Three weeks from the date of receipt of the article, unless otherwise agreed. Of course, it is an advantage, particularly for the authors if you can do it at once.
Is there a reviewing form to be filled in?
A form is available. The reviewing form will automatically be sent to all reviewers. Notice, however, that the use of the form is obligatory, and free-text reviews are also welcome.
If the paper is really weak, do you want me to make a full review anyway?
An explanation of what the author(s) have to do in order to do better next time is, of course, a service to them. However, if the answer is going to be no, then it's also in the authors' interest to get to know that quickly. Therefore we prefer speed over detail in such cases. In all other cases, a detailed review is expected.
What if You are Unable to Review?
Sometimes you will be asked to review a paper when you do not have sufficient time available. In this situation, you should make the editorial office aware that you are unavailable as soon as possible. It is beneficial if you can recommend an alternative expert or someone whose opinion you trust.
If you are unable to complete your report on a paper in the agreed time-frame required by the journal, please inform the editorial office as soon as possible so that the refereeing procedure is not delayed.
A quality review can not, in general, be reduced to answering questions in a standard form, and many reviewers feel that they can best express their assessment of the submitted article by writing a free-text memorandum. At the same time, there are a few questions that we like to get answered for each article and where a structured form is preferable. This reviewing form will automatically be sent to all reviewers.
Confidentiality and Anonymity
Strict adherence to the following principles is important in order to guarantee the integrity of the reviewing process.

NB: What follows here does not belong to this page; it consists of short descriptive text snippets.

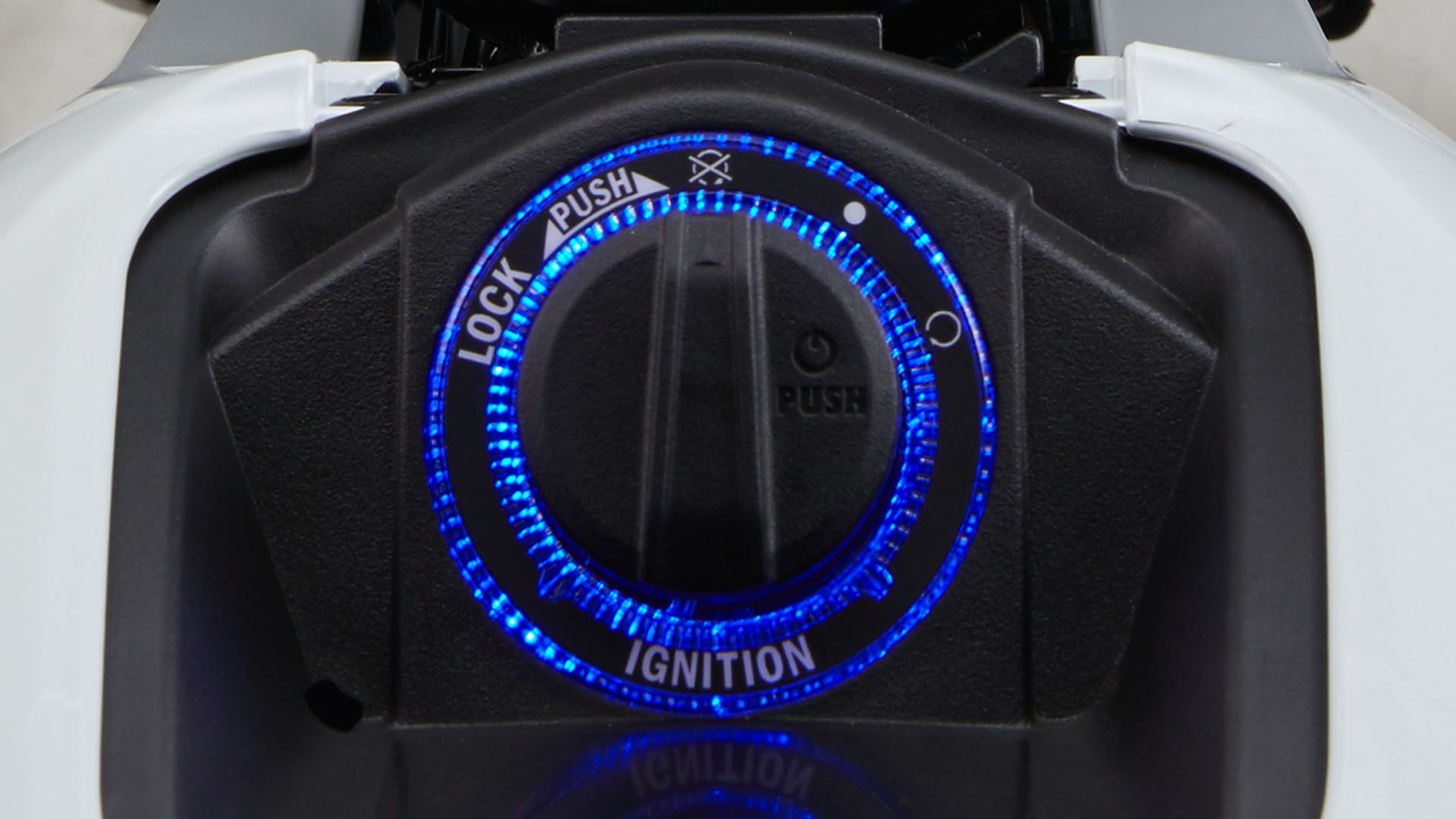 SUZUKI SV650 Dual Spark technológia 21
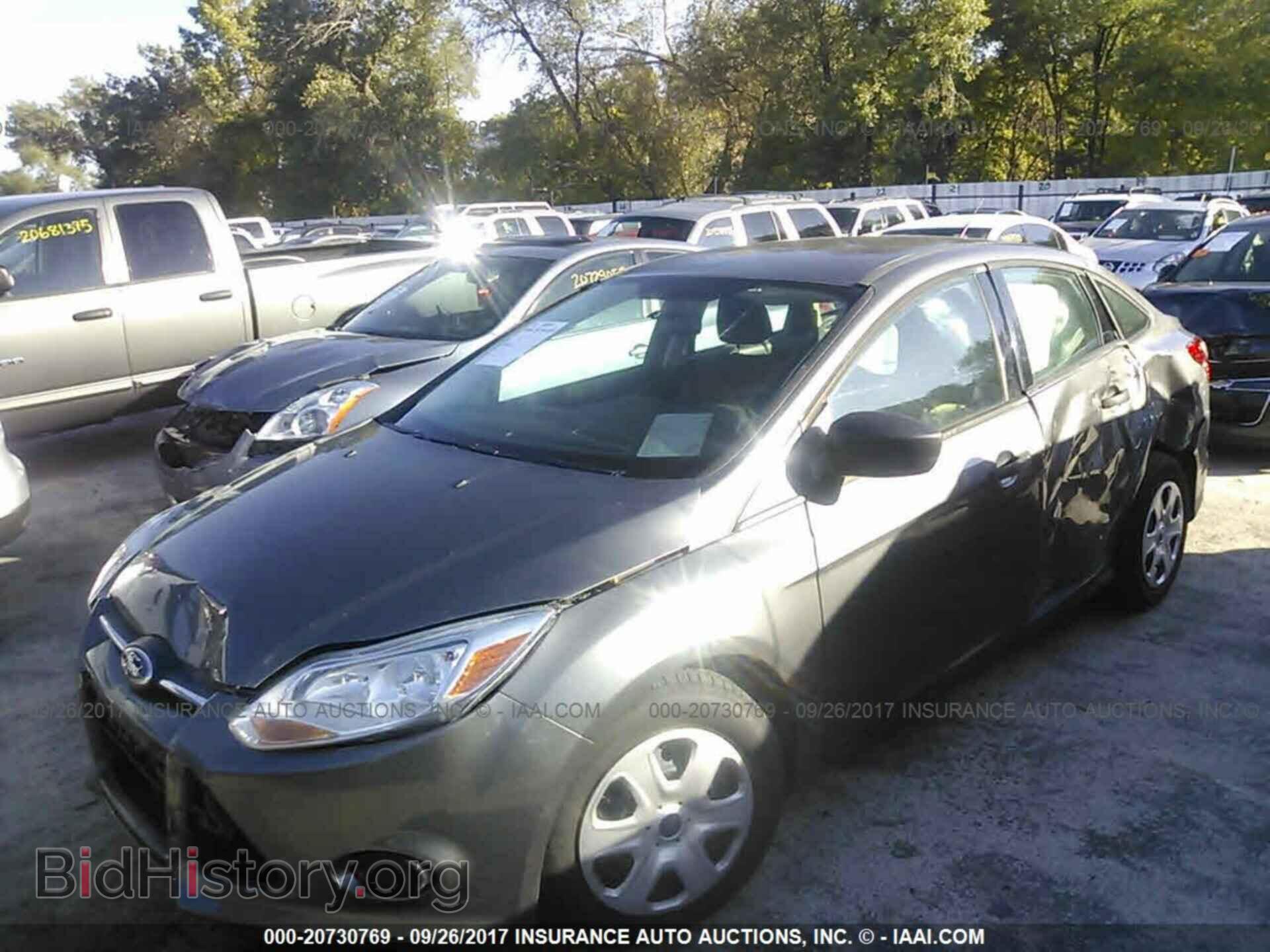 2012 Ford Focus - VIN: 1FAHP3E29CL215704 - Photo 2
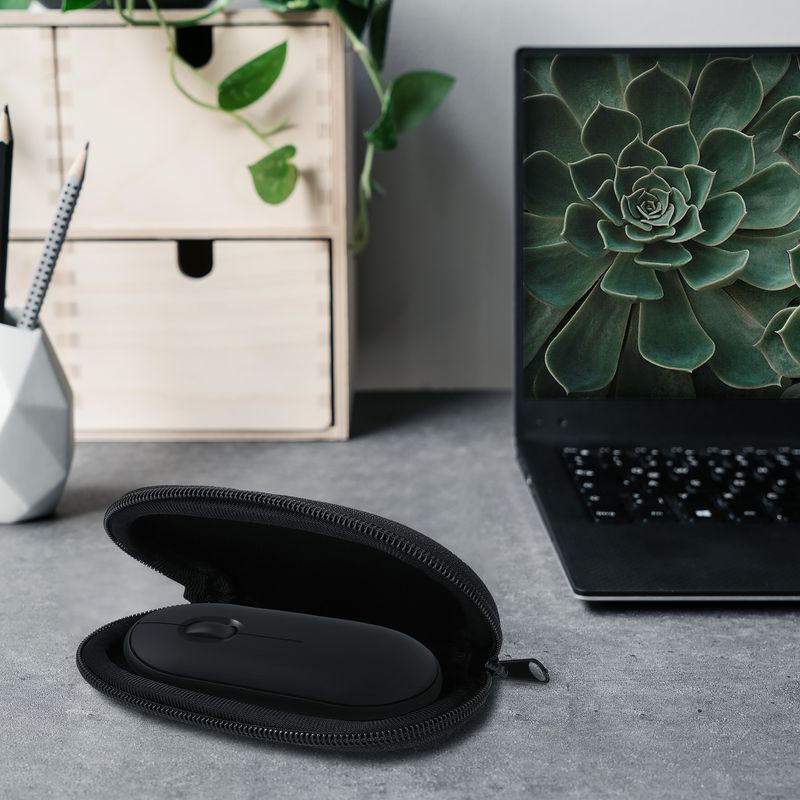 PC, gaming si accesorii - Periferice PC - Mouse - Folie palm rest Kwmobile pentru Logitech Pebble Mouse 2 M350s, Pebble Mouse M350, antisoc, neopren, alb, negru - Infinity.ro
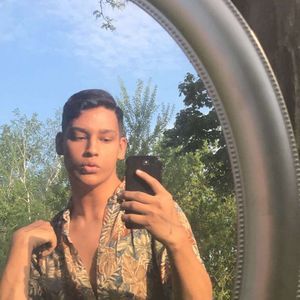 Meet your Posher, Ariel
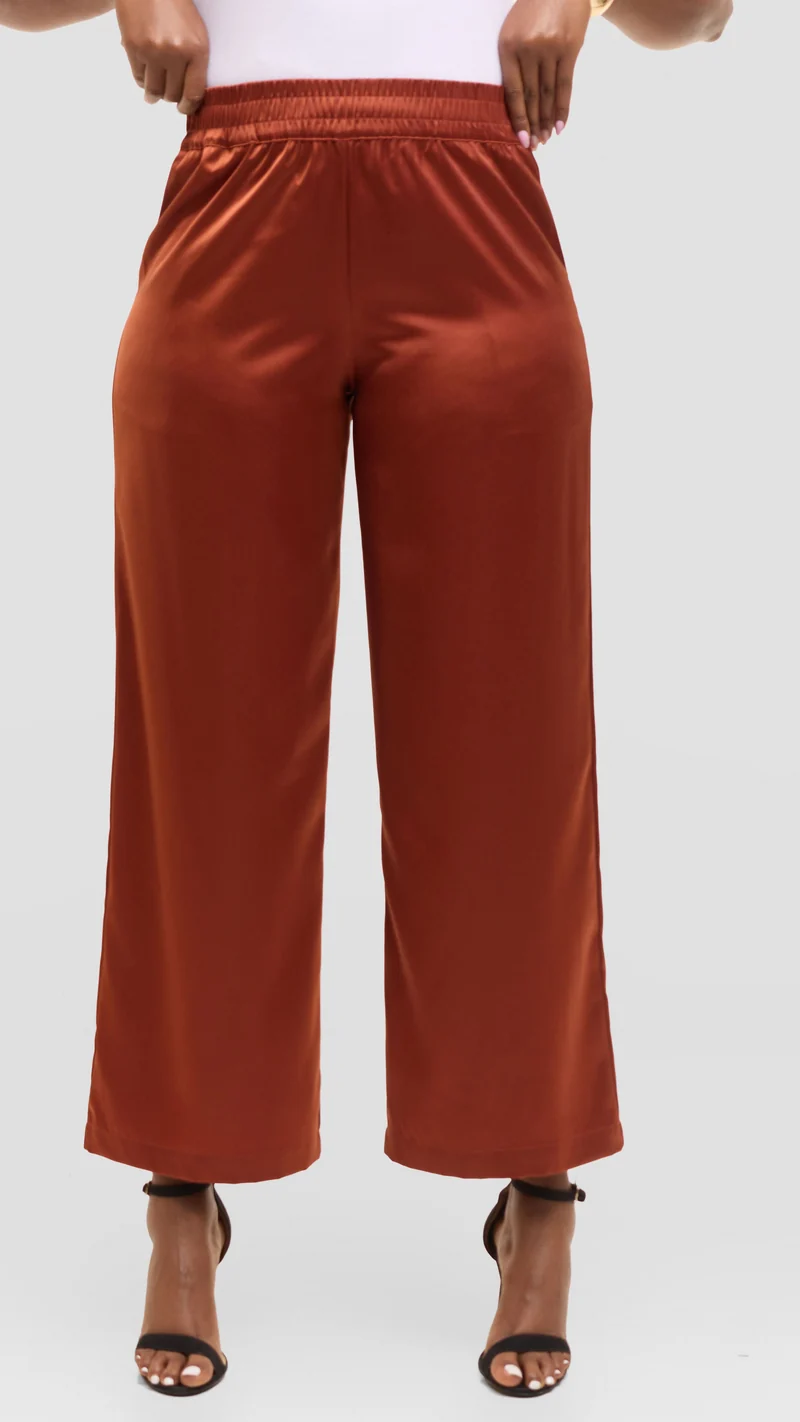 Vivo Straight Leg Pants in Satin - Rust
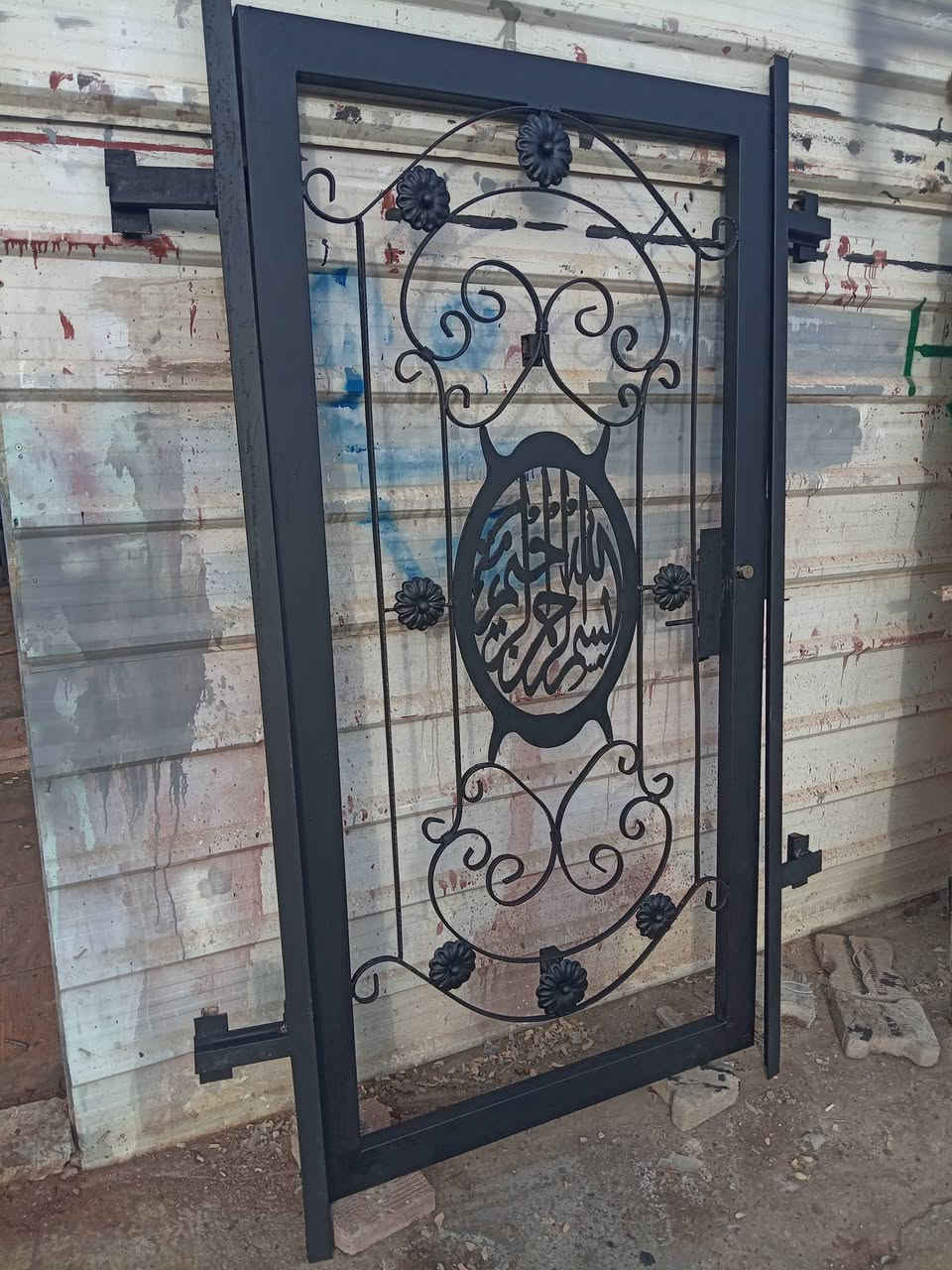 باب • للبيع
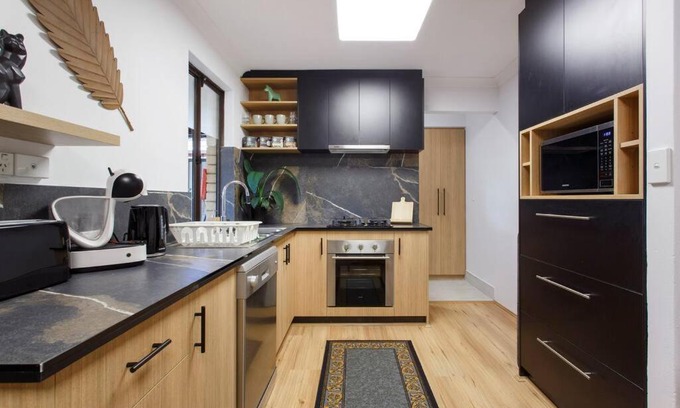 Marangaroo Villa | Luxe 3BR Villa with Kitchen & Laundry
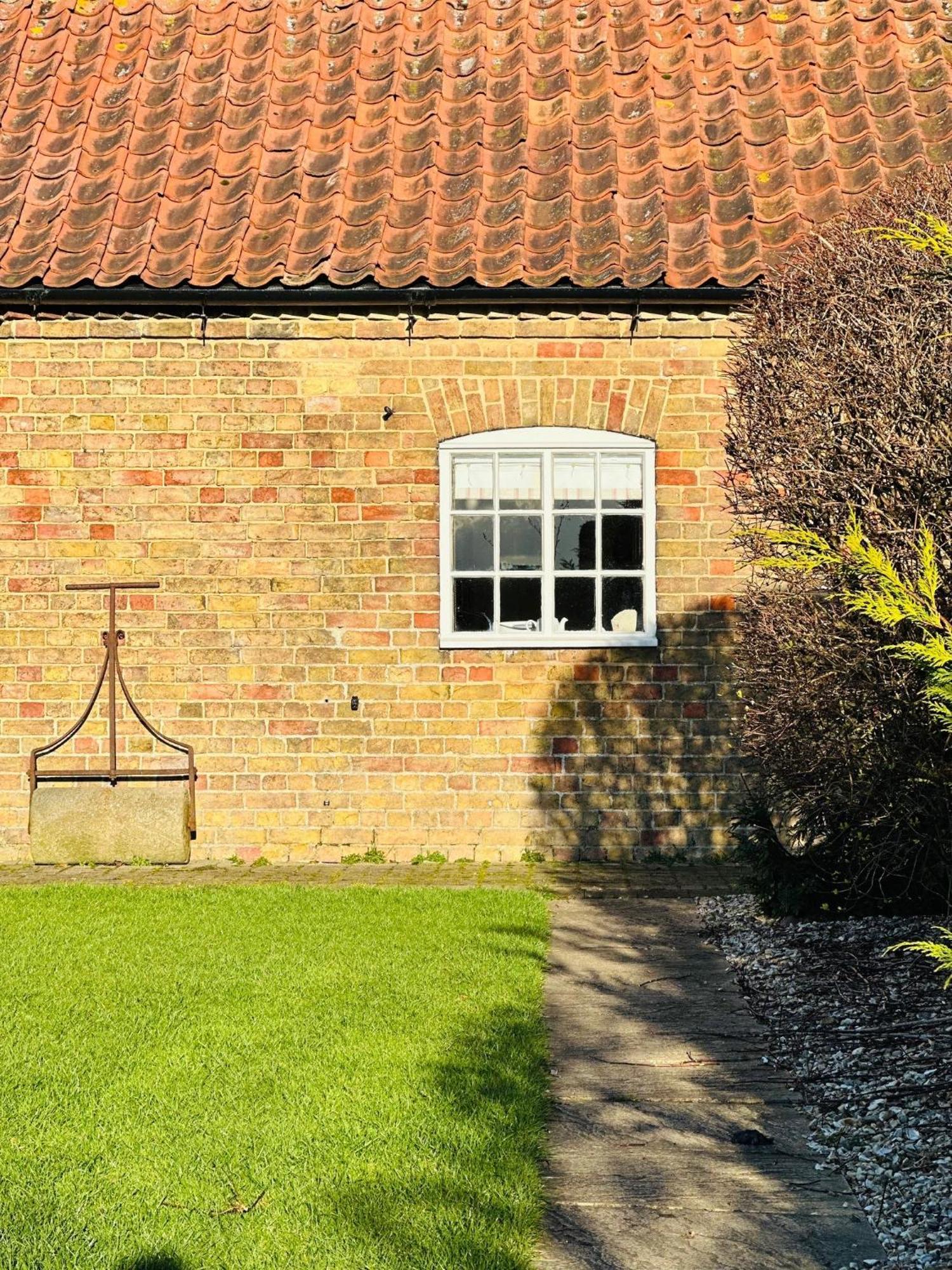 Charming Hen Cottage Countryside Retreat Lincoln Newball 外观 照片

Confidentiality of the Submitted Article
The contents and the very existence of a submitted manuscript must be considered as confidential until the article is published. If the article is not accepted for the journal, then all aspects of its review in this journal are to be considered as confidential without time limit. Reviewers are requested to adhere to this important principle.
Anonymity of Reviewers
Authors will not know the identity of the reviewers unless the reviewer herself chooses to divulge her identity. Reviewers know the identity of the authors. Reviewers normally get to see the other reviews of the same article after they have returned their own review, but will normally not know the identity of the other reviewers. Exceptions to the last rule are sometimes made in case of strongly conflicting reviews, where the reviewers may be invited to interact in order to find out whether this leads one of them to adopt the other one's position on the paper.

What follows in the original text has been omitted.